Safety begins with You
Since we are on the topic of safety, it is very important that we discuss safety precautions when riding a bike, aka safe cycling. Safe cycling begins with you. This means that if you want to lessen the risks of accidents when riding a bike, you have to start following safety precautions when you’re out there. Here are some tips that could prove useful during your bicycle rides:
- Wear a helmet – it might sound cheesy to some, but wearing a helmet will give you better chances of survival in case of an accident. It protects your head from absorbing the impact as opposed to riding your bike bare-headed.
- Wear the right cycling gear – trust us, your body will thank you for it. Not only will wearing the right gear protect your body, but it will also make your commute easier because it is more comfortable.
- Bright colors are a must – bright and reflective clothing plays a huge role in your safety as you cycle. This is particularly true in the early morning, on cloudy days, or when you are riding late at night. Bright and reflective clothing helps others see you better.
- Be prepared – before you ride your bike, make sure you know what the weather will be like on that specific day. You can adjust or plan your gear accordingly. For instance, if the weather forecasts say it’s going to rain, you need to wear waterproof gear, and so on.
- Install rear view mirrors on your handlebars – looking over your shoulder every time you cycle is a risk. This is why rear view mirrors are crucial. These devices may be small, but it can help you soo what’s behind you at all times.
- Carry a small first-aid kit at all times – you have a first-aid kit at home and in your car, why not bring one with you when you cycle, too? First-aid kits are relatively small, and they can fit in your bag. Better safe than sorry.
- Carry a patch kit – of course, you also need a patch kit in your bag everytime you ride your bike. This way, you can patch up your own flat tire when needed.
- Be alert – just like when you’re driving or walking, it is very important to be alert when you ride a bike. Do not use your mobile phones, headphones, or earpiece. Hearing everything around you is crucial when you ride a bike. It is important that you do not get distracted.
- Always bring a phone and identification cards – cellphones can be used in case of an emergency, and your identification card will be useful to emergency responders in case of an accident.
- Learn the bike safety rules by heart – every state has their own bike safety rules for cyclists to follow. The more you know, the better.
- Do not ride against traffic – it is also crucial to never ride against traffic.

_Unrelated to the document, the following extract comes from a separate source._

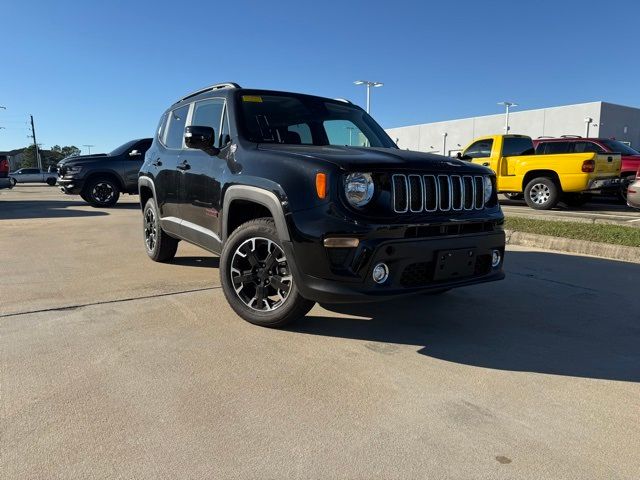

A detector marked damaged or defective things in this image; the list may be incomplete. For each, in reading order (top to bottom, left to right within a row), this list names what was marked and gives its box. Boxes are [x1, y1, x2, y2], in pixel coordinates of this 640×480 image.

pavement crack [0, 284, 220, 318]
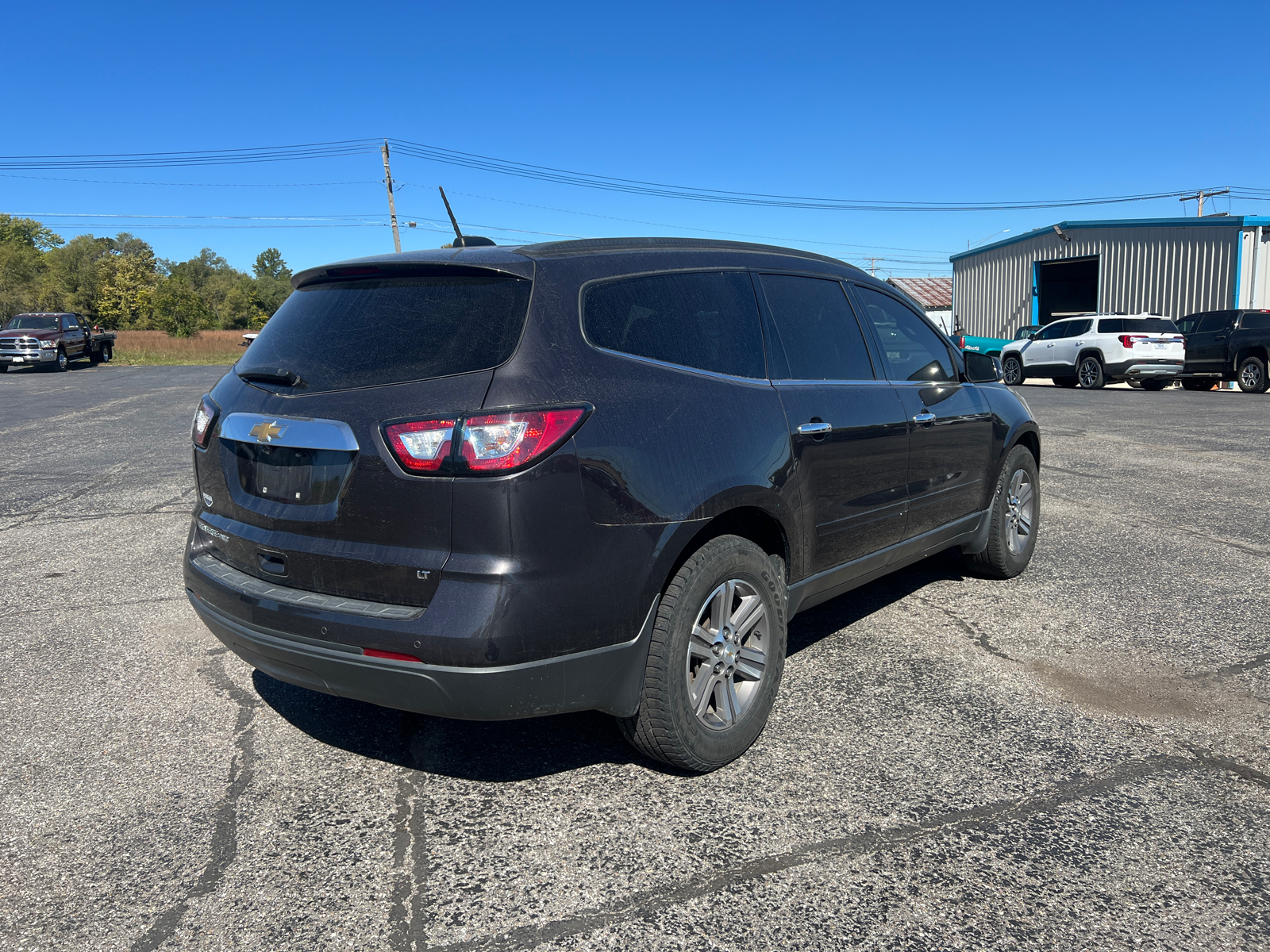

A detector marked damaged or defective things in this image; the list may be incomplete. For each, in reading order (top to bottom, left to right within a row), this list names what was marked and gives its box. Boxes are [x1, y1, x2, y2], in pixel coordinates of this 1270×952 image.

- Keep both hands on the handlebars – this will help keep you balanced better and lets you break faster when needed.
- Use front and rear lights – again, you need to stay visible when you’re riding a bike. Install front and rear lights. Signal lights are also helpful.
- Stay steady – do not switch back and forth between the streets and sidewalks. This is illegal. It is also unsafe for you, for other cyclists, for pedestrians, and for vehicle drivers. Switching every now and then can get confusing for drivers, especially when you are riding on an intersection.
- Be vigilant at intersections – speaking of intersections, you need to stay vigilant when you’re at intersections. Always hang left in the lane when you’re coming to a stop. This helps drivers behind and in front of you see you better.
- Follow lane directions – do we need to say more?